— TASK REQUIREMENTS —
Go through the entries below and write each one out exactly.

Dataset records:
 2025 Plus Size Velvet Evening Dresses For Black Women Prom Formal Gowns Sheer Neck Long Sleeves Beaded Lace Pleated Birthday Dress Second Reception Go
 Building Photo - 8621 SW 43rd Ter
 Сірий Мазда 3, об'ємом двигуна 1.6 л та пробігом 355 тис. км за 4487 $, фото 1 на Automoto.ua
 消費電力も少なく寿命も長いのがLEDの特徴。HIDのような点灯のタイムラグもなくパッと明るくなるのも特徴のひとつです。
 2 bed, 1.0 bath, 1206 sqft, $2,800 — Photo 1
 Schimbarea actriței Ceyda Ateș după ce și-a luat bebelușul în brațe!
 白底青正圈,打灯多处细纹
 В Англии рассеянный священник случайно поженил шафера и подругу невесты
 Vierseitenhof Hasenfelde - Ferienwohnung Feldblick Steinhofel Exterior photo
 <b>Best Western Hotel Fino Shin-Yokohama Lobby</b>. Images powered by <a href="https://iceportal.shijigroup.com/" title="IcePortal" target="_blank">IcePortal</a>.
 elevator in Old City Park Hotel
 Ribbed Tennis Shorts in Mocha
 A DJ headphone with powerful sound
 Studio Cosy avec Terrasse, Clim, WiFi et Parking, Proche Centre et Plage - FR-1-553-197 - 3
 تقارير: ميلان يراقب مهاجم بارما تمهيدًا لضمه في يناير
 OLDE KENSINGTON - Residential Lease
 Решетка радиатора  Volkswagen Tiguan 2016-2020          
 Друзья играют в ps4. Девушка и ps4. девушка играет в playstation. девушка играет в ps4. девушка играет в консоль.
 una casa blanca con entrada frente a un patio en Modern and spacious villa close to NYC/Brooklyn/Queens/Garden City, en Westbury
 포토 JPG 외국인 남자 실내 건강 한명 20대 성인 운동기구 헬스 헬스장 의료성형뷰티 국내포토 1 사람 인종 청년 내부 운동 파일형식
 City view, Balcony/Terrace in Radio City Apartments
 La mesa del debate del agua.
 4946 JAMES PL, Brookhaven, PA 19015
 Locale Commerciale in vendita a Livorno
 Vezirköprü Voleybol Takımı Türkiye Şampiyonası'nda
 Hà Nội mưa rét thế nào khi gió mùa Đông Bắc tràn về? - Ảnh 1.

— OUTPUT —
 2025 Plus Size Velvet Evening Dresses For Black Women Prom Formal Gowns Sheer Neck Long Sleeves Beaded Lace Pleated Birthday Dress Second Reception Go
 Building Photo - 8621 SW 43rd Ter
 Сірий Мазда 3, об'ємом двигуна 1.6 л та пробігом 355 тис. км за 4487 $, фото 1 на Automoto.ua
 消費電力も少なく寿命も長いのがLEDの特徴。HIDのような点灯のタイムラグもなくパッと明るくなるのも特徴のひとつです。
 2 bed, 1.0 bath, 1206 sqft, $2,800 — Photo 1
 Schimbarea actriței Ceyda Ateș după ce și-a luat bebelușul în brațe!
 白底青正圈,打灯多处细纹
 В Англии рассеянный священник случайно поженил шафера и подругу невесты
 Vierseitenhof Hasenfelde - Ferienwohnung Feldblick Steinhofel Exterior photo
 <b>Best Western Hotel Fino Shin-Yokohama Lobby</b>. Images powered by <a href="https://iceportal.shijigroup.com/" title="IcePortal" target="_blank">IcePortal</a>.
 elevator in Old City Park Hotel
 Ribbed Tennis Shorts in Mocha
 A DJ headphone with powerful sound
 Studio Cosy avec Terrasse, Clim, WiFi et Parking, Proche Centre et Plage - FR-1-553-197 - 3
 تقارير: ميلان يراقب مهاجم بارما تمهيدًا لضمه في يناير
 OLDE KENSINGTON - Residential Lease
 Решетка радиатора  Volkswagen Tiguan 2016-2020          
 Друзья играют в ps4. Девушка и ps4. девушка играет в playstation. девушка играет в ps4. девушка играет в консоль.
 una casa blanca con entrada frente a un patio en Modern and spacious villa close to NYC/Brooklyn/Queens/Garden City, en Westbury
 포토 JPG 외국인 남자 실내 건강 한명 20대 성인 운동기구 헬스 헬스장 의료성형뷰티 국내포토 1 사람 인종 청년 내부 운동 파일형식
 City view, Balcony/Terrace in Radio City Apartments
 La mesa del debate del agua.
 4946 JAMES PL, Brookhaven, PA 19015
 Locale Commerciale in vendita a Livorno
 Vezirköprü Voleybol Takımı Türkiye Şampiyonası'nda
 Hà Nội mưa rét thế nào khi gió mùa Đông Bắc tràn về? - Ảnh 1.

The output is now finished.